It is a thick piece, and a universal head (ad4) will be going in that hole. The backside is countersunk and behind that is another thick spar piece. The way this happened is that I prepped two chapter's worth of parts and didn't look closely enough at which of the web holes they were talking about for this piece. Luckily this is the only real mistake.

Thoughts?
 
Not an engineer and you should pass this suggestion through Van's, but could you drill out three rivets leaving a hole in the tapered part of the rivets with no stem? Like tapered bushings and glue them in the counter sinks holes to fill the holes , then put the called out rivets through the assembly ? Just a thought where as there is plenty of material for strength.
 
Another option is to move on to other jobs, add this to a list of replacement parts, and next screw up, you buy both parts to combine shipping! I don't know where in the build this part is, and it looks small, but you know it's not correct, even if it may turn out structurally ok, you know it's there. .
 
Another option is to move on to other jobs, add this to a list of replacement parts, and next screw up, you buy both parts to combine shipping! I don't know where in the build this part is, and it looks small, but you know it's not correct, even if it may turn out structurally ok, you know it's there. .

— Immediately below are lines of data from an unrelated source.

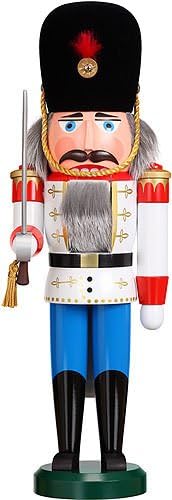 Seiffener Volkskunst German nutcracker Dane white, height 39 cm / 15 inch, original Erzgebirge by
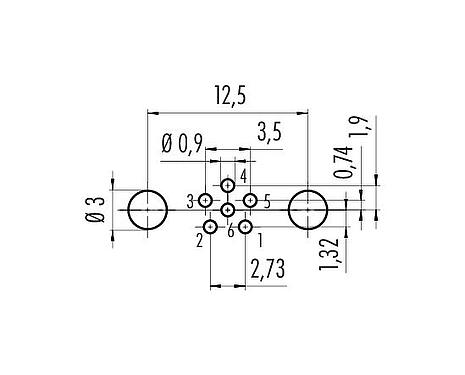 Geleiderconfiguratie M8 Female panel mount connector, aantal polen: 6, schermbaar, THT, IP67, UL 2238, M10x0,75, Achterwandmontage, gegoten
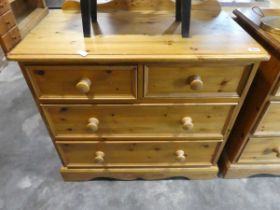 Modern pine chest of 2 over 2 drawers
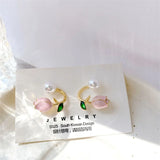 New Pink Tulip Flowers Stud Earrings Contracted Fashion Elegant Fine Pearl Trend Women Earrings Christmas Jewelry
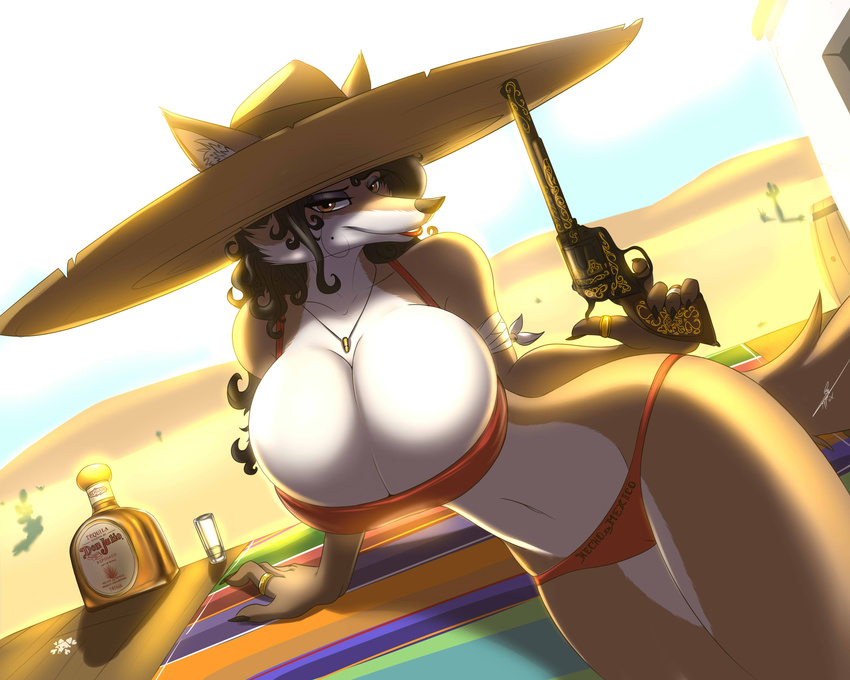 2016 anthro bandage beauty_mark big_breasts bikini black_hair breasts brown_eyes camel_toe canine clothing coyote desert female gold_(metal) gun hair handgun hat hi_res huge_breasts jewelry lipstick lying mammal metalfoxxx necklace pose ranged_weapon revolver solo swimsuit tequila thick_bottom_lip weapon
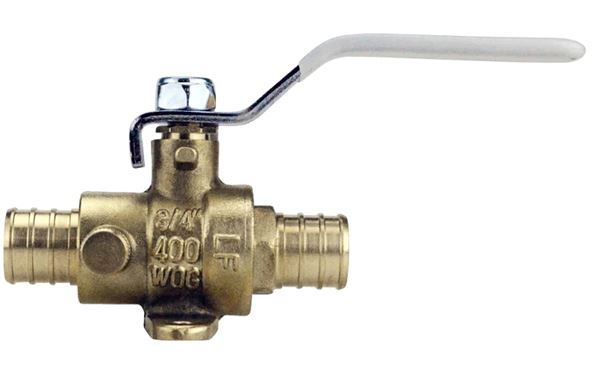 Apollo APXV34WD Ball Valve with Drain and Mounting Pad, 3/4 in Connection, Barb, 200 psi Pressure, Lever Actuator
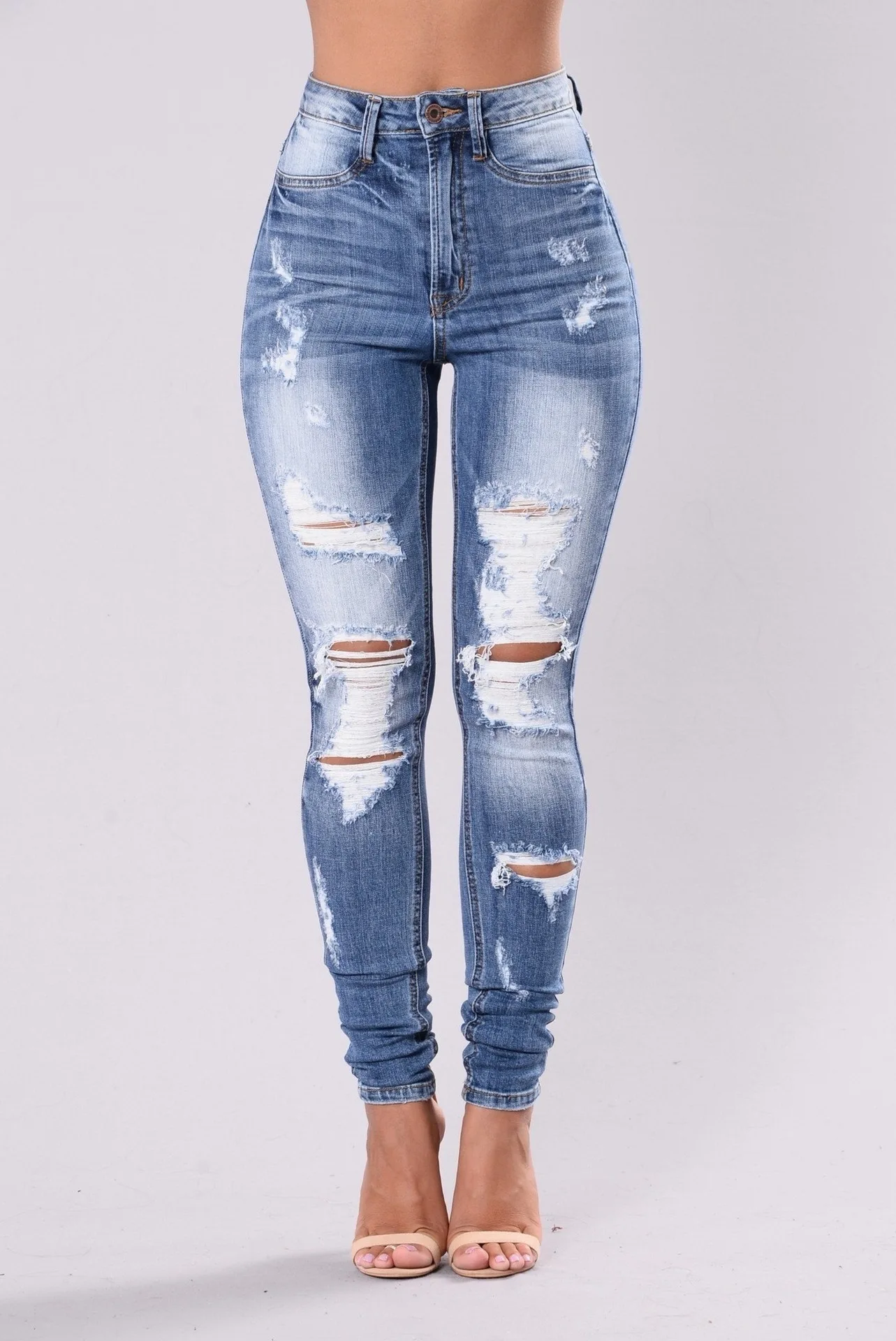 

Ripped Jeans for Women Mid Waist Skinny Pencil Pants Super Stretchy Jeans Female Bleached Washed Hole Denim Trousers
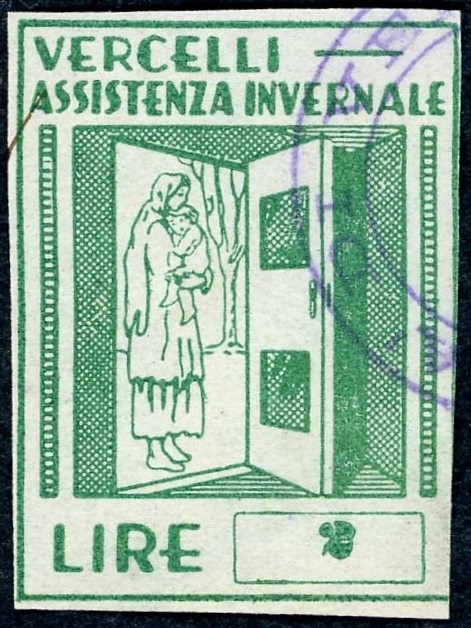Marca da Bollo del Comune di VERCELLI su Carta Bianca Sottile di dimensioni 30 x 40 mm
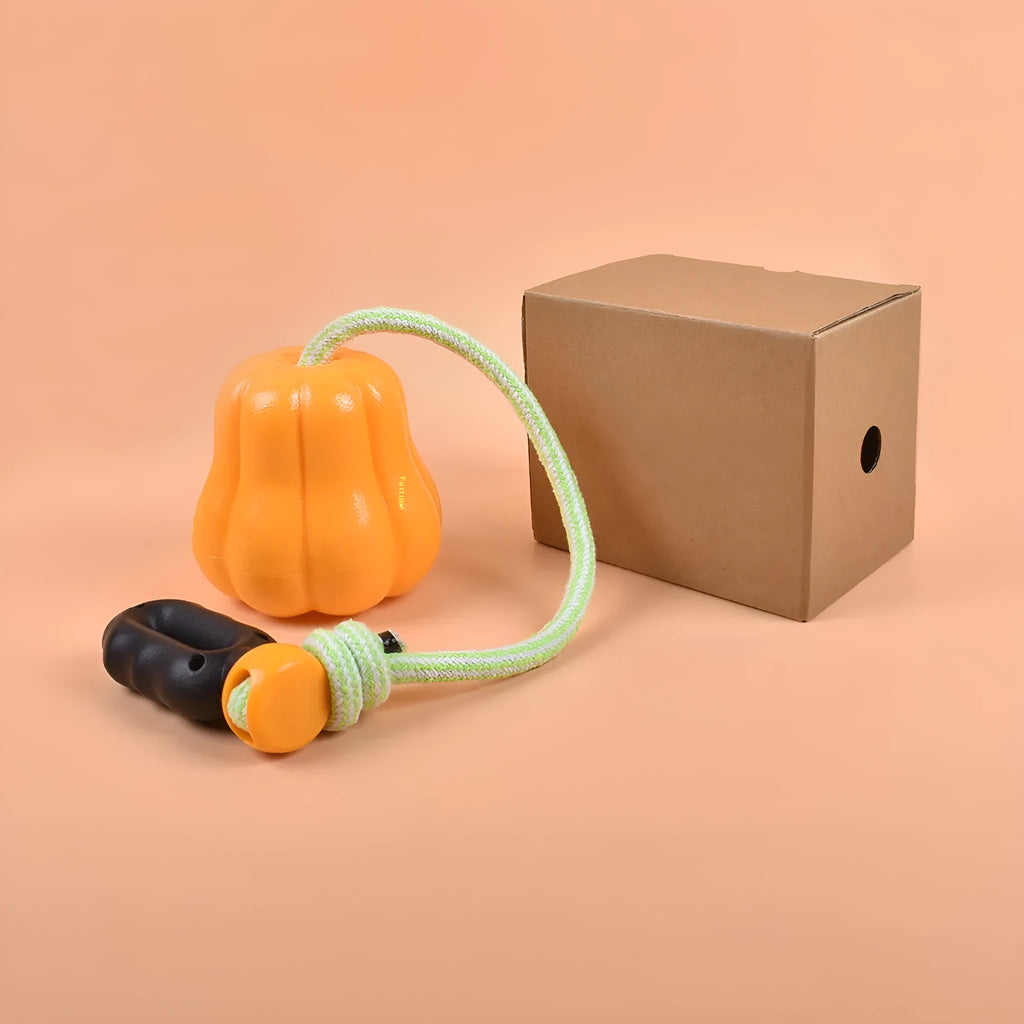 Orange plastic molar-shaped dog toy with rope attachment for chewing and fetch games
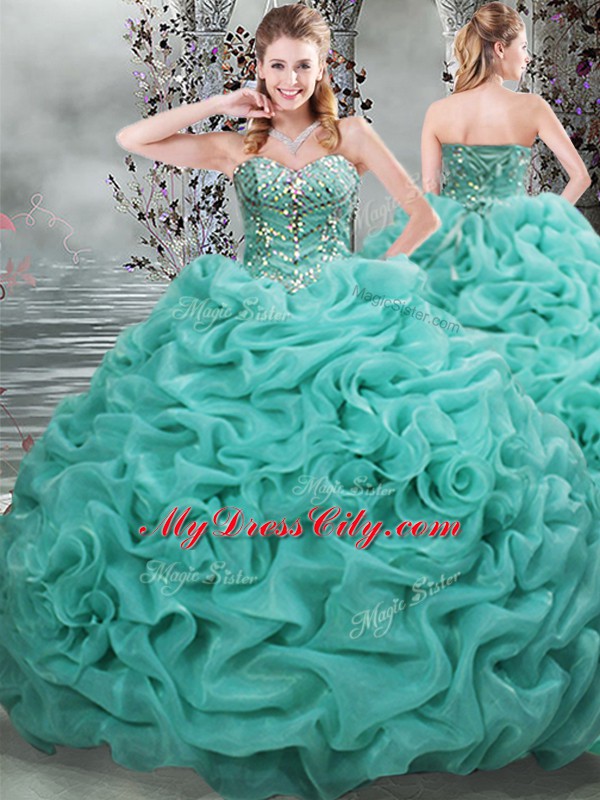 Beautiful Beading and Pick Ups Quinceanera Gowns Turquoise Lace Up Sleeveless Brush Train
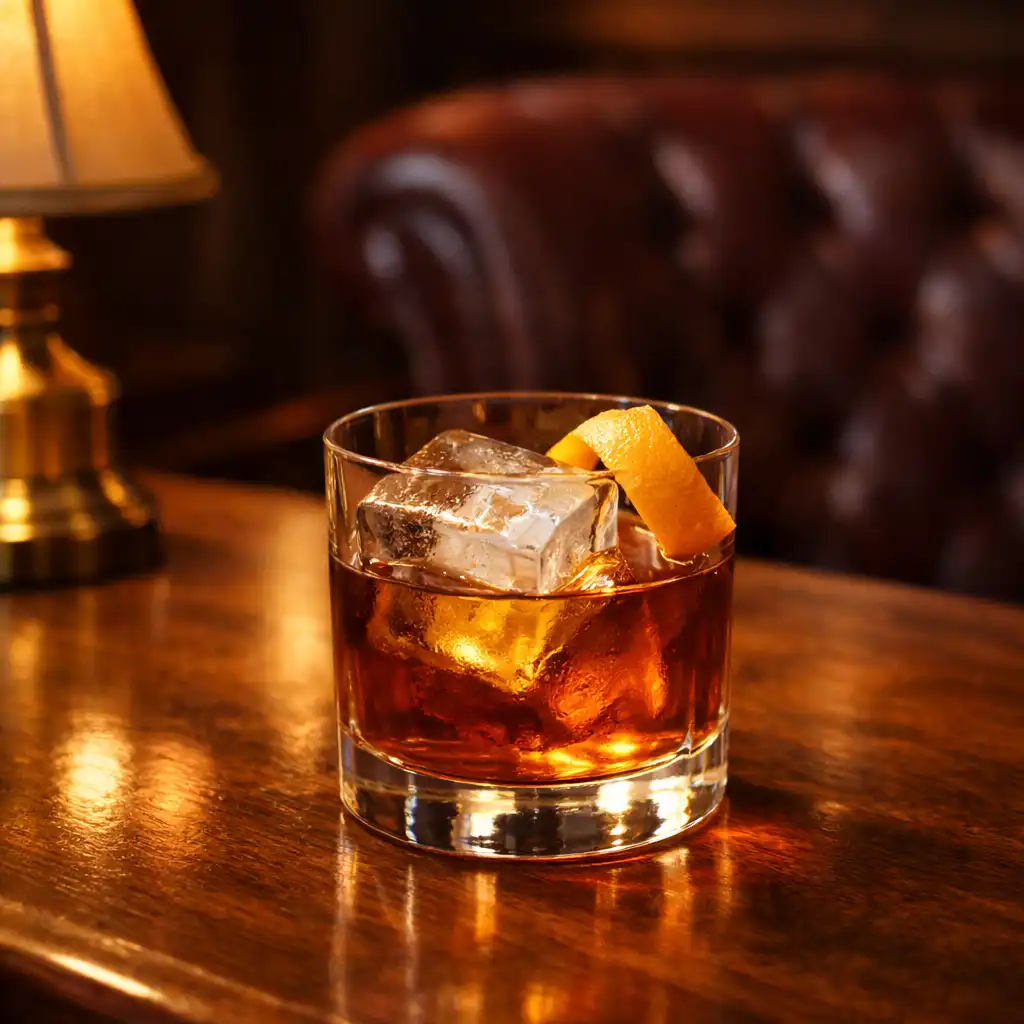 A classic cocktail on a walnut bar in the Hearth Lounge, with a burgundy leather armchair in the background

Thanks Tom. That's my usual way of working, and I totally agree. I stopped to think on this one just because it's a thick piece on both sides surrounded by lots of bolts and screws. I am about to click on reorder anyways and was curious about this kind of situation in general with thick material.
 
Not an engineer and you should pass this suggestion through Van's, but could you drill out three rivets leaving a hole in the tapered part of the rivets with no stem? Like tapered bushings and glue them in the counter sinks holes to fill the holes , then put the called out rivets through the assembly ? Just a thought where as there is plenty of material for strength.
I wonder how one can drill into the head of that tapered part for the rivet to pass thru?
 
Why not just put the stem of a rivet in a lathe and drill a 1/8" hole in the head until it parts from the stem?